Very early in this story, with six casually dropped words, Young inserts her endpoint; then we’re led unerringly not to that end, but to her own inspired and heartbreaking conclusion. The real end is beyond the story, and we reel from the impact of our foreknowledge. Resolution is left in the reader’s hands.
This book has the poet’s subterfuge. The words and pictures are clues or catalysts that spark the reader’s own connections and meanings. Quoting isolated passages can’t begin to reveal the primacy of context here, the way a phrase or image links to and illuminates the whole.
Up the Clyde on a Bike presents a housewife as domestic as they come, home her world and her prison. She performs the mother’s duties, but chafes at the mothering. One day she hears an agoraphobic woman interviewed on the radio and weeps at recognition of herself.
Slang for Girl takes us to a faded Mexican beach resort, a “broke down palace” in the words of the bronzed young surfer who has smitten our narrator. Each curling wave and stray dog and peasant trinket vendor has the same vivid definition that Young achieves in her Canadian settings.

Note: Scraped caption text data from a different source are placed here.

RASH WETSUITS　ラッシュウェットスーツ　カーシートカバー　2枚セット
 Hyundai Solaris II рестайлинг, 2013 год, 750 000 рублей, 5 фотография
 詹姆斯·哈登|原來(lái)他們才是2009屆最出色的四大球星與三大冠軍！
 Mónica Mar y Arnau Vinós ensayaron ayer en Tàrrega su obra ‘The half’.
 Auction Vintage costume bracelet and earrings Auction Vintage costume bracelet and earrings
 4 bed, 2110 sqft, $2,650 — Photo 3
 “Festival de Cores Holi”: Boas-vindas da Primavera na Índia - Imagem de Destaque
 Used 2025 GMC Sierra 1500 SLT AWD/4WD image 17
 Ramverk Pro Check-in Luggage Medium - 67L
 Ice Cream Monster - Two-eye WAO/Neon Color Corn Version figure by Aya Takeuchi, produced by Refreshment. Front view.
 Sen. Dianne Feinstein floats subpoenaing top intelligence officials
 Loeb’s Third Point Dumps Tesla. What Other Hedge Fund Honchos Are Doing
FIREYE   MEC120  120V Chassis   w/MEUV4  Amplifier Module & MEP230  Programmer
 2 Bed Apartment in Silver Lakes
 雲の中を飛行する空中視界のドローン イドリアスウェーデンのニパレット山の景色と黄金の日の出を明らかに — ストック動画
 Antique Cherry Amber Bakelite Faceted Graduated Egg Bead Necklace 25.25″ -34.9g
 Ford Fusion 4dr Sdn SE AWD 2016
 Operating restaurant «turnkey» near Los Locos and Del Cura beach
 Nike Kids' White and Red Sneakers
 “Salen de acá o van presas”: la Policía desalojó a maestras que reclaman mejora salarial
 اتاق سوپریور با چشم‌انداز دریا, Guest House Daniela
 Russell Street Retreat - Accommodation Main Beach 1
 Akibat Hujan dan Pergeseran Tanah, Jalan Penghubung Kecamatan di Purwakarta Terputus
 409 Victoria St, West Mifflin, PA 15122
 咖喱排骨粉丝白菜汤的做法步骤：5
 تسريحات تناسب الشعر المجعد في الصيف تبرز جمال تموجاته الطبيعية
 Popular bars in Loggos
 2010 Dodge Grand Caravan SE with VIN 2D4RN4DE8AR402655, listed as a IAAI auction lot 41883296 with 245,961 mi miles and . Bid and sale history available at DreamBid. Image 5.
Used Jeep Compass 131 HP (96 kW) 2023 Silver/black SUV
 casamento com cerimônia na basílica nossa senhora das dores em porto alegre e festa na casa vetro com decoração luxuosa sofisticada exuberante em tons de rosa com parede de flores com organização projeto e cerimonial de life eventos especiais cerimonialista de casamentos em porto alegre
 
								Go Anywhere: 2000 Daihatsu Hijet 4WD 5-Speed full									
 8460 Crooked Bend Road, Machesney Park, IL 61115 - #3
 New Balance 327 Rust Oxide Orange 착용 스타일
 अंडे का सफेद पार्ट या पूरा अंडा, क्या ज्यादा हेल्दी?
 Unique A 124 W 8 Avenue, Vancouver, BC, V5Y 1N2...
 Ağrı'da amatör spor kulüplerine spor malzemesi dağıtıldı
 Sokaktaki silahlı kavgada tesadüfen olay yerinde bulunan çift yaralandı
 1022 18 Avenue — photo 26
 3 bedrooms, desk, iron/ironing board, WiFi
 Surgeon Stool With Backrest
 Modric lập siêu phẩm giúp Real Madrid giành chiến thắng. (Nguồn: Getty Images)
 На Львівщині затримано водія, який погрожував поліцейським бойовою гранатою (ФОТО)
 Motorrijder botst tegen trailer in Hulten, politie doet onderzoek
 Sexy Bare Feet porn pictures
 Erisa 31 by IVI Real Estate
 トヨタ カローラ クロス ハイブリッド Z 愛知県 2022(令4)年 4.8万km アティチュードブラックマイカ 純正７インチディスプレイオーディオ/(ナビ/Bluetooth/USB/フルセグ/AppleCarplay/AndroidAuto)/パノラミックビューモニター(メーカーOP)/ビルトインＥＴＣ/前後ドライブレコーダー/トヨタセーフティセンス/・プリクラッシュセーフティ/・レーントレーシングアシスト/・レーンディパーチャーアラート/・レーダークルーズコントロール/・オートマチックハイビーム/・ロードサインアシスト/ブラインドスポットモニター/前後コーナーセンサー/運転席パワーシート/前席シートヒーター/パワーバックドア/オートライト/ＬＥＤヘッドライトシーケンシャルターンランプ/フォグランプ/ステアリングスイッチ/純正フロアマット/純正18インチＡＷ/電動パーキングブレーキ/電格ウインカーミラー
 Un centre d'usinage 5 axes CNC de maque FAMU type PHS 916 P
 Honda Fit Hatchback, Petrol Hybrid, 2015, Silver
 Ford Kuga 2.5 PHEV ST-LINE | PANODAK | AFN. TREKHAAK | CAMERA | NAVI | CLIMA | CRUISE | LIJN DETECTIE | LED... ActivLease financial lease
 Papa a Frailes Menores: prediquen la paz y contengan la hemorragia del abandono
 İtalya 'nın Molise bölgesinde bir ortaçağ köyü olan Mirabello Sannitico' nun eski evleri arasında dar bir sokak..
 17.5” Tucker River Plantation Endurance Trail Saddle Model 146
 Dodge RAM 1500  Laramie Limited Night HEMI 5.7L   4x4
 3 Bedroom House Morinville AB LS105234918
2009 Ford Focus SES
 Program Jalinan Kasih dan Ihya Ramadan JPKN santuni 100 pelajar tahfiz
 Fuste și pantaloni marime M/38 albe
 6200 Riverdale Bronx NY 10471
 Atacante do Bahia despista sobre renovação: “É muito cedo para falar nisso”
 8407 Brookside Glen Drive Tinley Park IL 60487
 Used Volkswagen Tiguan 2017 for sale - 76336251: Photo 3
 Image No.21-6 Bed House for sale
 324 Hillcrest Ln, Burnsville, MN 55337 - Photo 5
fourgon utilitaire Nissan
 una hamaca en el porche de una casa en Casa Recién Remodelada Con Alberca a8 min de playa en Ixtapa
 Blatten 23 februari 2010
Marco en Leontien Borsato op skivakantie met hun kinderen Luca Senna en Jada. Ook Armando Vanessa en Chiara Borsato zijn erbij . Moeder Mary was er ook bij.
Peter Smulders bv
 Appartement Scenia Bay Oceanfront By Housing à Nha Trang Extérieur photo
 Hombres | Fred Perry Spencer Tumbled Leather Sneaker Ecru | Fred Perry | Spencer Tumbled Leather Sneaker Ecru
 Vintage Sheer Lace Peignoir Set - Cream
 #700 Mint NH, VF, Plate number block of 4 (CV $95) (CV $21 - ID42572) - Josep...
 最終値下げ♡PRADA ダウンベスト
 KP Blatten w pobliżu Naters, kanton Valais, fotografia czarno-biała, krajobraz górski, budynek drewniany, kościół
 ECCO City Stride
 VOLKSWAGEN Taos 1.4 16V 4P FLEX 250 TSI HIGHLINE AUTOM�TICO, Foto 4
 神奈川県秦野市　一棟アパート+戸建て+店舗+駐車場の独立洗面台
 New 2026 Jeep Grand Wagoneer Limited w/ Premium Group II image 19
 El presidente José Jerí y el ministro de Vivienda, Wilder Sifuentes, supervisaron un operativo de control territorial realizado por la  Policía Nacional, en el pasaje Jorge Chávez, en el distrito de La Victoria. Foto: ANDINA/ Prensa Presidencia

The final story enters grief. Young tackles the darkness and wrestles it beautifully to a draw.
DANFORTH REVIEW
Reviewed by Anne Borden
This is the first collection of short stories by Young, an established poet based in Victoria. A winner of the British Columbia Book Prize for Poetry and nominee for the Governor General’s Award, Young adapts well to the prose form. She brings a poet’s sensibility to the task, richly developing the inner worlds of her characters and often taking a non-linear approach to her storytelling.
I started Airstream as subway reading, but missed my stop (Spadina) and ended up at St. Andrew because I was so drawn into “Girl of the Week.” (At least I had a good story to give as an excuse for being late.) “Girl of the Week,” like several other pieces, is a suspenseful character study that deals with moral dilemmas that are outside of the usual fray. In it, Jean Marie Waterman keeps an almost unbearable secret from her bff, while negotiating the rough social terrain of class struggle in grade six. The strength of this piece, and others such as “Dumb Fish” and “Hitchhike” is in Young’s ability to imbue minor characters with substance. Her minor characters are few, and they are never simply foils, punchlines or wallpaper.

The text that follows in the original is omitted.